We previously brought you the hidden history of Washington Square Park, but now get a closer look at one of the park’s and city’s most famous monuments: the Washington Square Arch. Standing at the north side of the park, it was dedicated on May 4, 1895, to George Washington as the first president of the United States. The arch has stood in this spot for over 100 years presiding over the park’s colorful and ever evolving culture and history. Here are the top 10 secrets of the Washington Arch.

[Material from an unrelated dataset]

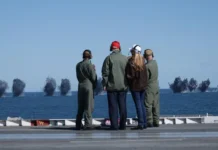 Исторические учения ВМС США при участии Трампа впечатлили зрелищными взрывами istoricheskie ucheniya vms ssha pri uchastii trampa vpechatlili zrelishhnymi vzryvami-ekbonline-ru-0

10. There Used To Be A Wooden Arch In Place Of Today’s Marble
Original wood and plaster arch on 5th Ave at the north end of Washington Square Park. Image via Greenwich Village Society for Historic Preservation
Before the marble arch was built in 1892, there was a temporary wooden arch erected in 1889 to celebrate the centennial of President George Washington’s inauguration (similar to another temporary arch at Madison Square Park). The arch, campaigned by William Rhinelander Stewart, was only supposed to be built temporarily for the celebration. Stewart, a wealthy resident of the area convinced other wealthy residents of the area to contribute funds to build this memorial, and brought in Stanford White, of the famous firm McKim Mead & White for the design.
On April 30, 1889, the wooden arch was decorated and lit up for the centennial. To build and decorate the whole thing cost $2,700, which is about $71,000 today.
The temporary arch became very popular and sparked a new campaign that brought in $150,000 (for a more permanent arch. And so in 1890, the marble arch in Washington Square Park that we are all familiar with today, still stands albeit a few feet south of where the original stood.